Reproduce everything from the line that contains "Criança de 2" down to the line that contains "LBKR Tech Remote" in the listing below, word for word and nothing more. Leave the pictures out.
============================================================
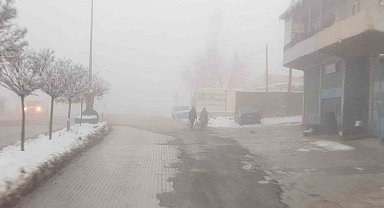 Başkale'de sis etkili oldu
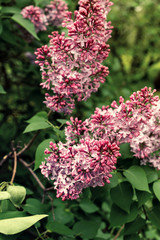 Fototapeta premium Lilac flowers bunch over blurred background. Beautiful violet Lilac flower. Nature background.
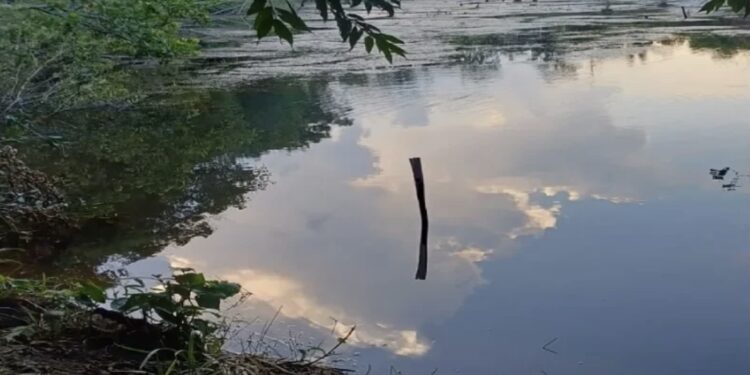 Criança de 2 anos morre após cair em represa na Linha 48, família mora em Alvorada do Oeste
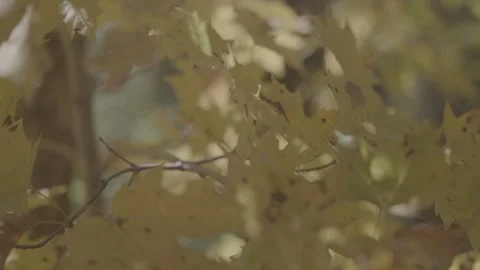 Autumn or Fall Leaves Stock Footage 218476697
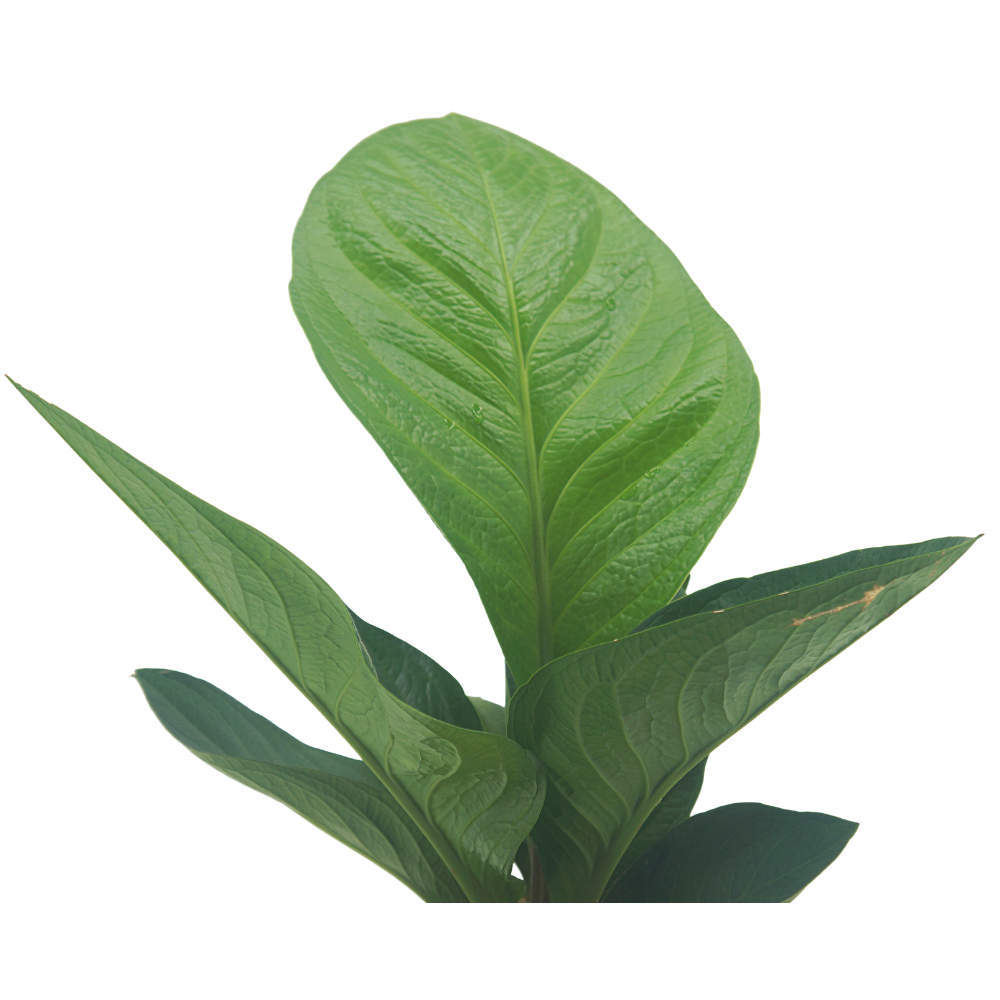 Bird's Nest Anthurium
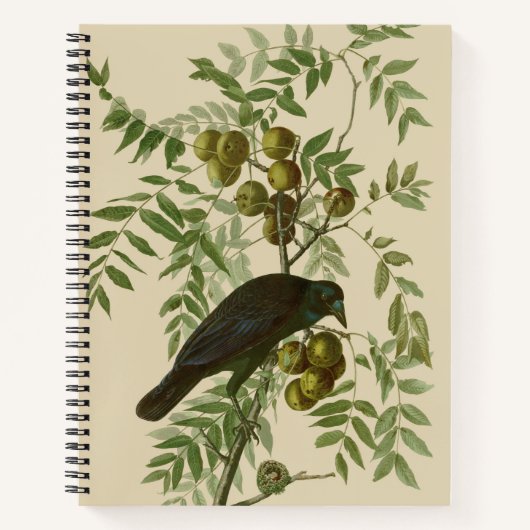 Carnet Impression d'oiseau Grackle Violet d'Audubon Botan (Devant)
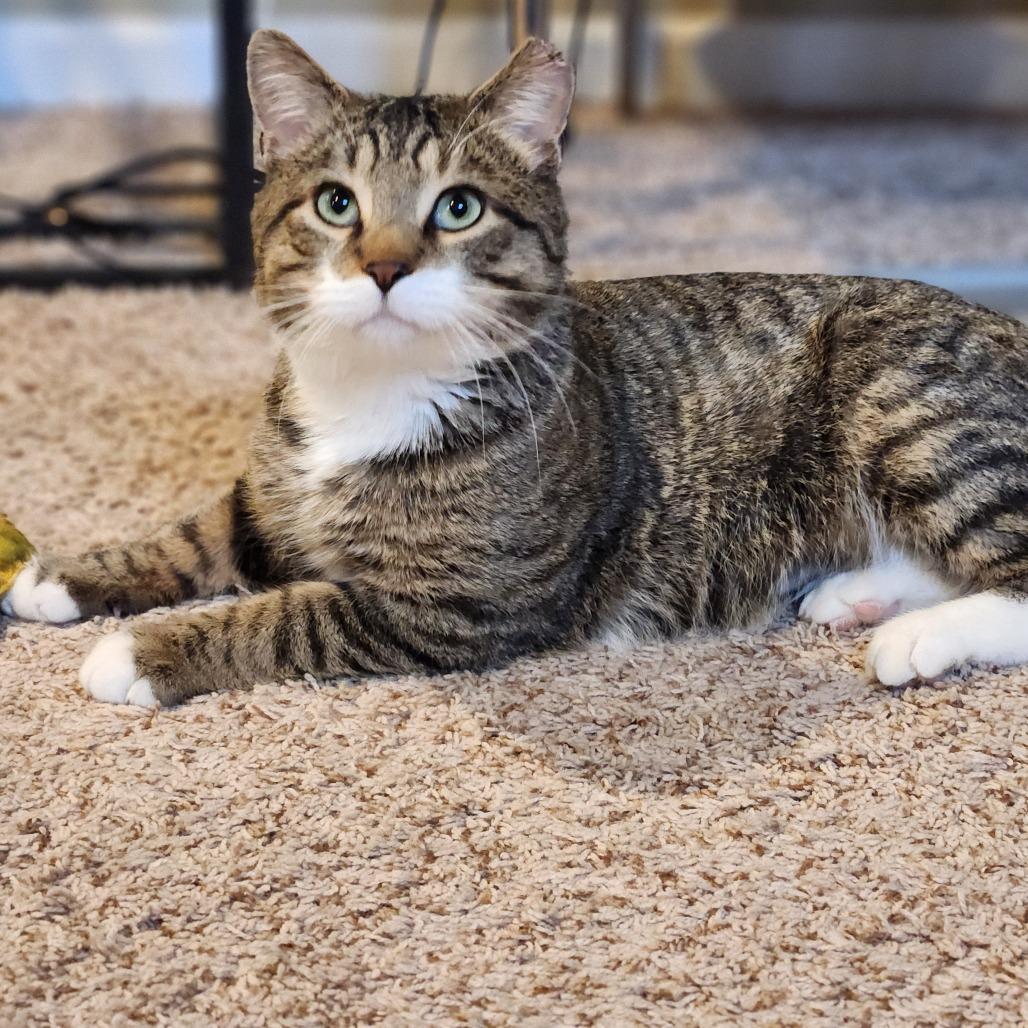 Enlarge Henry Whiskerton, a Adoptable Domestic Short Hair in St. Paul, MN image 6/6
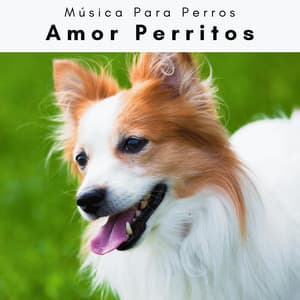 2023 Amor Perritos - Música Para Perros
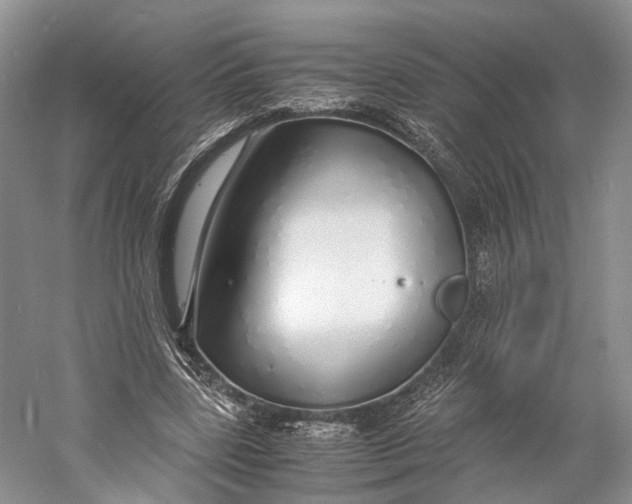 X0000060780539200512011641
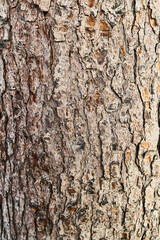  Tree bark texture, natural background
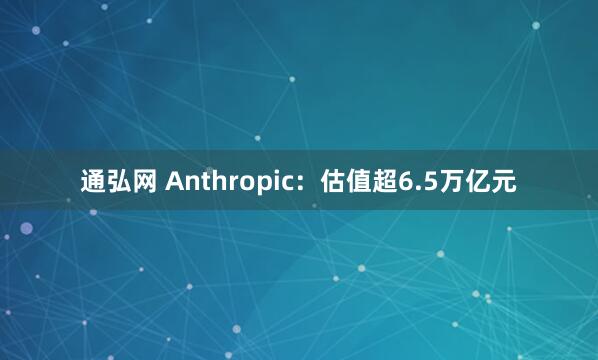 通弘网 Anthropic：估值超6.5万亿元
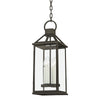 Troy Lighting Sanders French Iron 8.5W X 8.5L X 22.25H Pendant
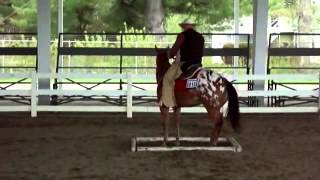 Appaloosa Horse Event Videos [upl. by Ardnahc]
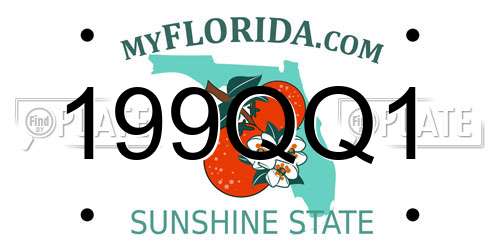 199QQ1 Florida License Plate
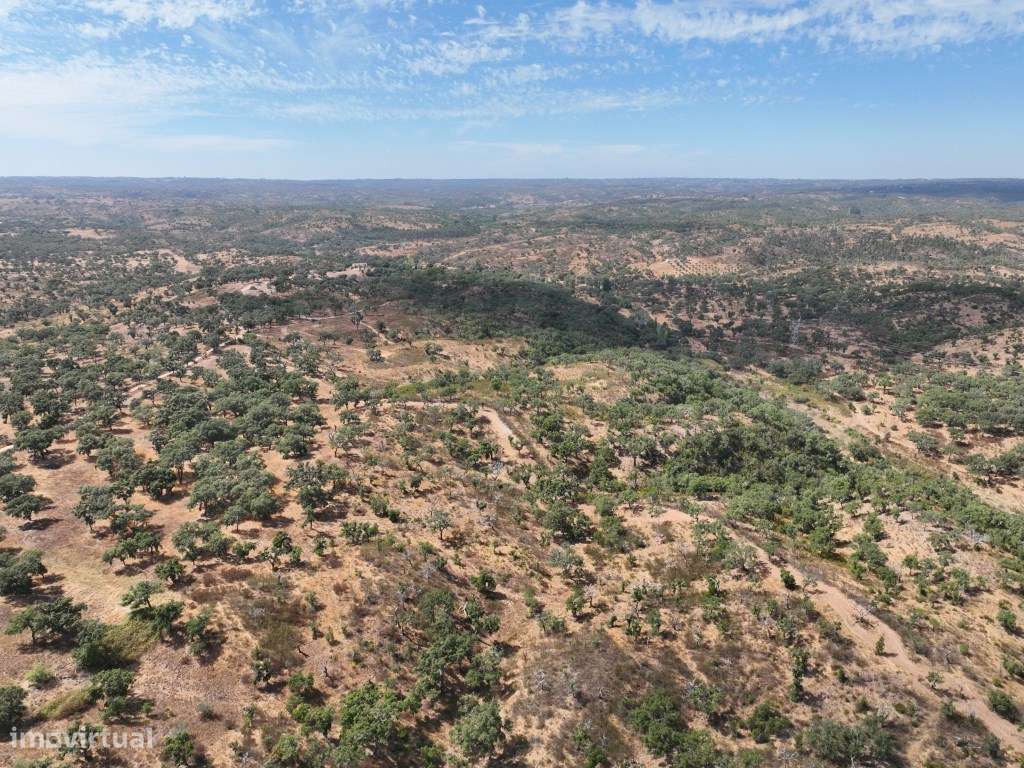 HERDADE COM 100 HECTARES E BASTANTE ARBORIZAÇÃO-55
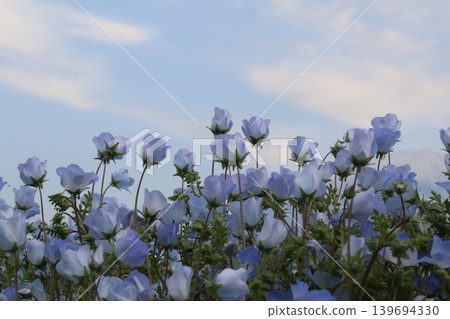 Blue sky and nemophila Blue sky and nemophila 139694330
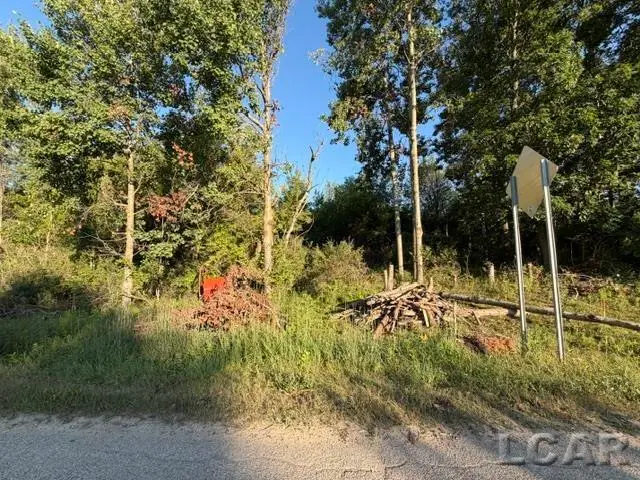 10459 Baker, Jerome, MI 49249 - #3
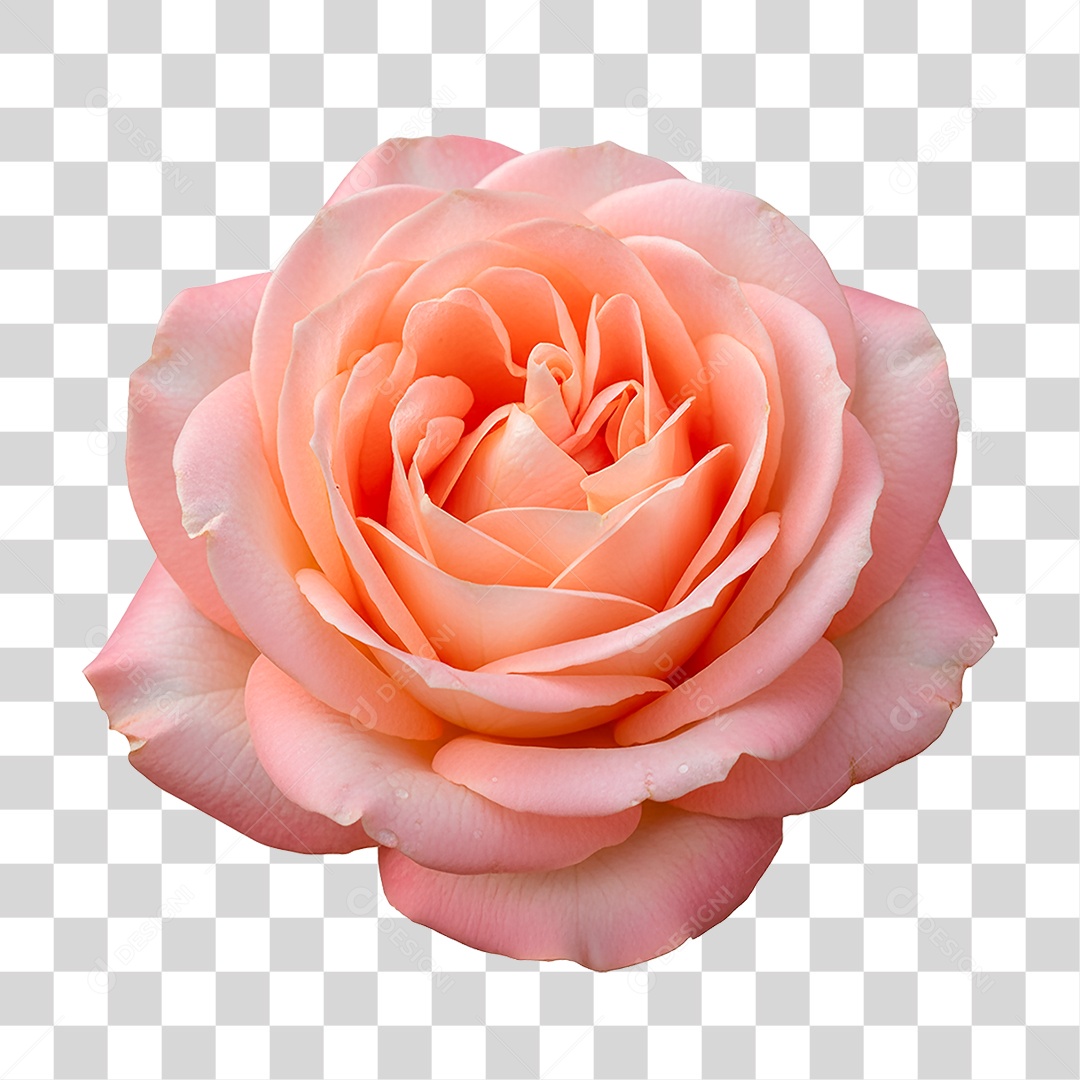 Flor Rosa PNG Transparente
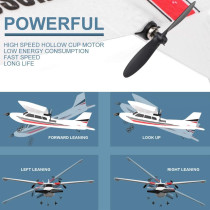 LBKR Tech Remote Control Plane, 2.4Ghz 2 Channel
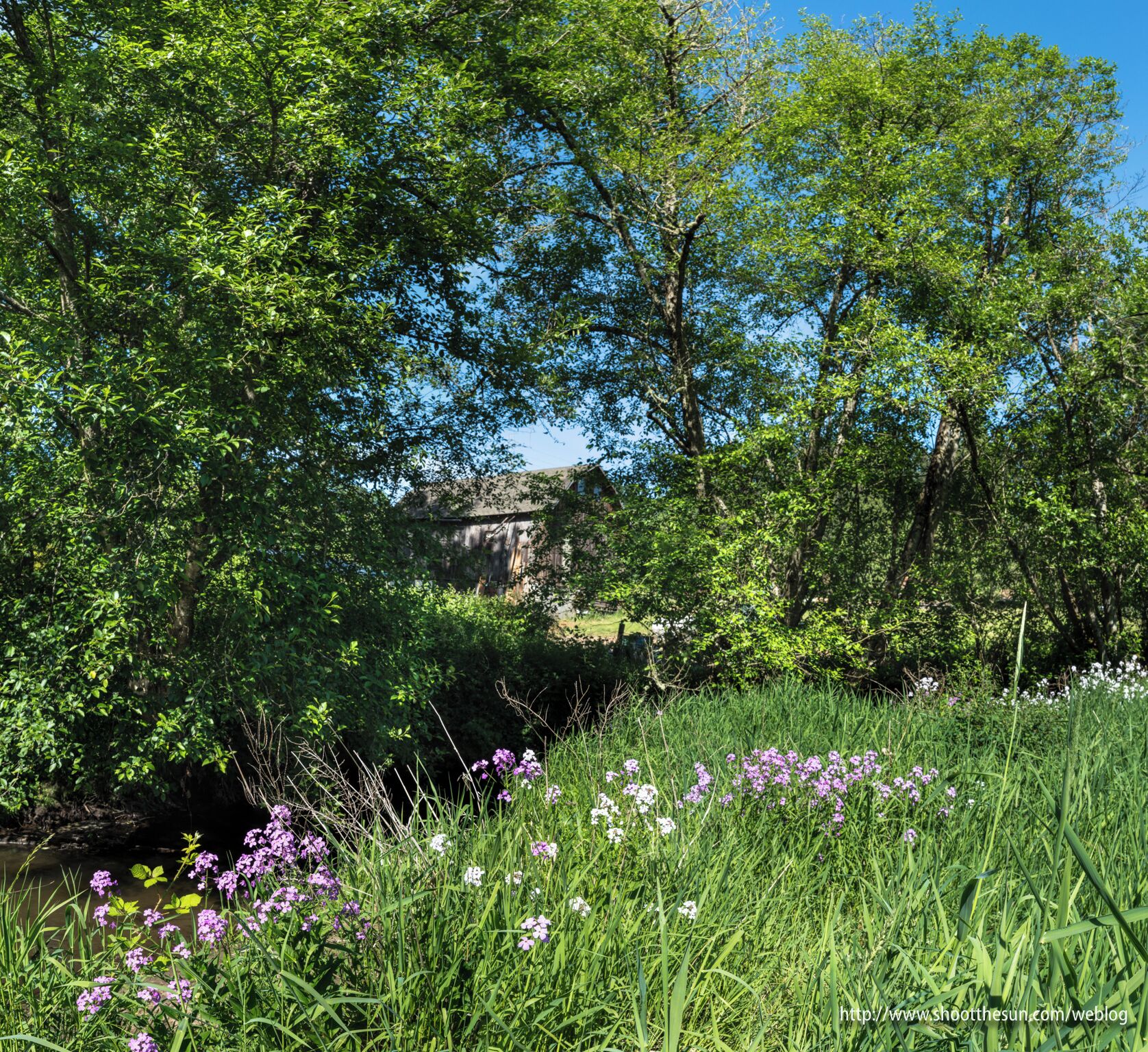 The rural landscape of the greenway takes on an entirely different aspect come summer.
============================================================
### TASK RESULT
 Criança de 2 anos morre após cair em represa na Linha 48, família mora em Alvorada do Oeste
 Autumn or Fall Leaves Stock Footage 218476697
 Bird's Nest Anthurium
 Carnet Impression d'oiseau Grackle Violet d'Audubon Botan (Devant)
 Enlarge Henry Whiskerton, a Adoptable Domestic Short Hair in St. Paul, MN image 6/6
 2023 Amor Perritos - Música Para Perros
 X0000060780539200512011641
  Tree bark texture, natural background
 通弘网 Anthropic：估值超6.5万亿元
 Troy Lighting Sanders French Iron 8.5W X 8.5L X 22.25H Pendant
 Appaloosa Horse Event Videos [upl. by Ardnahc]
 199QQ1 Florida License Plate
 HERDADE COM 100 HECTARES E BASTANTE ARBORIZAÇÃO-55
 Blue sky and nemophila Blue sky and nemophila 139694330
 10459 Baker, Jerome, MI 49249 - #3
 Flor Rosa PNG Transparente
 LBKR Tech Remote Control Plane, 2.4Ghz 2 Channel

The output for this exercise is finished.